Le 17 octobre, nous partons de Buenos Aires vers le nord du pays.
1500 km - 20 h de bus : nous sommes dans la province de Misiones, la Mésopotamie argentine, autrement dit "le pays entre deux fleuves" : le rio Paraguay et le rio Paraná, à peine moins long que l'Amazone. Sur une carte ou vus du ciel, les lits des fleuves forment de formidables méandres, des excroissances capricieuses, qu'ils aient été considérés jadis comme des divinités ne m'étonnerait pas.
C'est le pays des indiens guaranis (voir ou revoir Mission de Roland Joffé).
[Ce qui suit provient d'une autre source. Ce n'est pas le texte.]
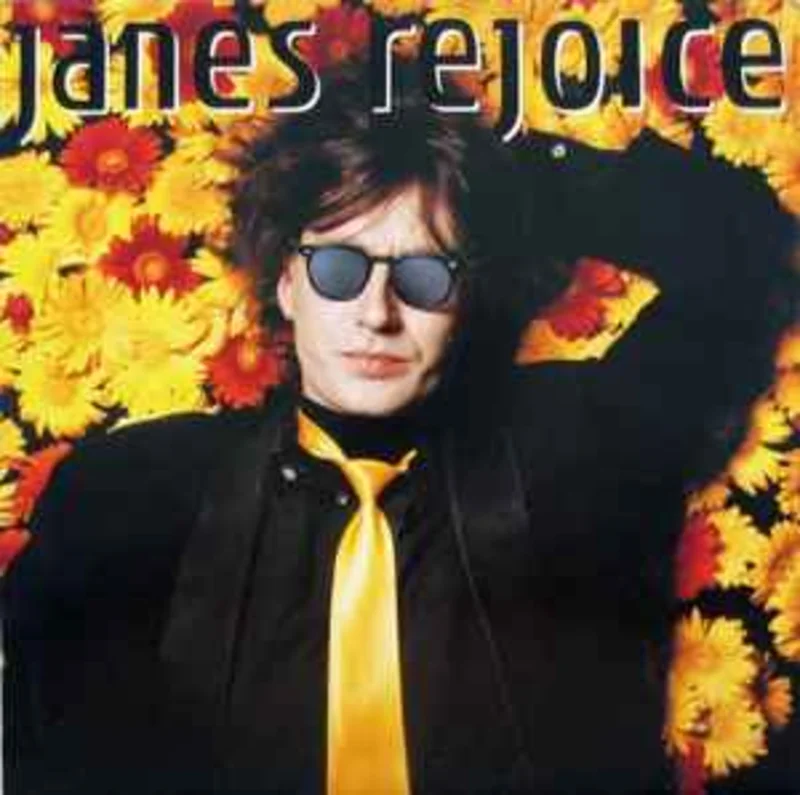 Janes Rejoice  Flaming Flamingo  (1989)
Terre ocre rouge. Végétation tropicale.
On y cultive l'herbe à maté, la boisson nationale que beaucoup d'argentins sirotent à longueur de journée dans de jolis petites calebasses.
15 jours à Puerto Iguazù
Si nous séjournons si longtemps ici c'est pour prendre le temps de nous acclimater à notre nouvelle vie, c'est aussi car de violents orages accompagnés d'averses impressionnantes nous retiennent dans notre jolie maison. Rien de bien luxueux mais la gentillesse des hôtes fait oublier les quelques rares désagréments. Sauf le soir, quand nous allumons les lumières, elles sont si froides qu'elles irritent comme une craie crissant sur un tableau noir.
Nous y disposons d'une cuisine pratique pour les inévitables pâte ou risotto. Cependant, pour varier les plaisirs, des trésors d'imagination sont nécessaires car les supérettes de quartier étalent comme une plainte les mêmes conserves de thon, maïs, cœur de palmier...Nous habiterons près d'un marché la prochaine fois. Il est plus simple de se procurer des fruits, mangue, maracuya, ananas, ou encore ces délicieux empañadas. Le week end, régime unique : grillade, pour le plus grand plaisir d'Hersilia !
Les matinées sont généralement consacrées à l'école, Hersilia et Simon y mettent la meilleure volonté, les premiers devoirs ont été envoyés, les premières notes sont arrivées, elles sont excellentes.
L'après-midi nous nous promenons et avec nos bonnes chaussures de randonnée nous pourrions faire le tour de la terre...Parfois nous empruntons les pittoresques "collectivo", chargés sans être bondés, cahotants sur des chaussées percées d'ornières, nous mêlant aux écoliers en uniformes, aux ménagères rentrant du marché...le chauffeur a souvent son petit poste radio qui diffuse en douceur un peu de musique.
La ville, construite entre le rio Paraná qui la sépare du Paraguay et la rivière Iguazù, frontalière du Brésil, présente un paysage chaotique d' immeubles bas et de maisonnettes, plus ou moins soignés, plus ou moins achevés, aux façades de brique, ou peintes en orange, rouge, violet, sagement blanches parfois, de placards d'affiches, de murs peints de scènettes naïves.
Pour le son, il est facile d'imaginer la cacophonie des moteurs, voitures, mobylettes transportant la famille au complet, et de la musique, beaucoup, souvent, du bon folklore local.
En étant attentif on finira par entendre des oiseaux trouvant refuge dans une végétation luxuriante qui arrive malgré tout à s'imposer, palmiers, manguiers, bosquets de bambous gigantesques, variétés d'acacias et bien d'autres espèces dont j'ignore le nom.
Rester si longtemps à Puerto Iguazù nous aura permis de revenir par trois fois dans l'exceptionnel parc national, côté argentin et côté brésilien. Nous n'y croisons ni tapir, ni jaguar, ni puma, mais des coatis, des lézards, des toucans. Et des papillons par centaines qui, comme dans un roman d'Ernesto Sábato (Le tunnel, L'ange des ténèbres ou bien Alejandra, je ne me souviens plus...), volent tout près de nous.
Nous avons pu apprécier longuement les beautés fascinantes des cataractes. Car la rivière Iguazù, charriant jusque-là calmement ses eaux ocre rouge, décide ici de plonger brusquement en un vertigineux à pic. Elle rugit alors d'éclaboussures irisées d'un rayon de soleil ou d'un éclat de lune. C'est beau à couper le souffle. C'est puissant à arracher ces larmes trop lourdes pour être pleurées. Côté brésilien, après avoir cheminé dans une jungle perlant d'humidité, on découvre l'immense panorama s'étendant sur des kilomètres. Le chemin descend ensuite, on frôle une des cascades, on boude les capes de pluie proposées par les guides et on s'abreuve des forces de cette nature dans laquelle rodent toujours des dieux jaloux. Côté argentin, depuis la passerelle de métal surplombant la "gorge du diable", enivrés d'intensité, comme les martinets qui plongent dans l'écume, nous oublions.
Ce voyage n'était pas un projet insensé.
1er novembre : nous prenons un bus pour Salta au nord ouest du pays.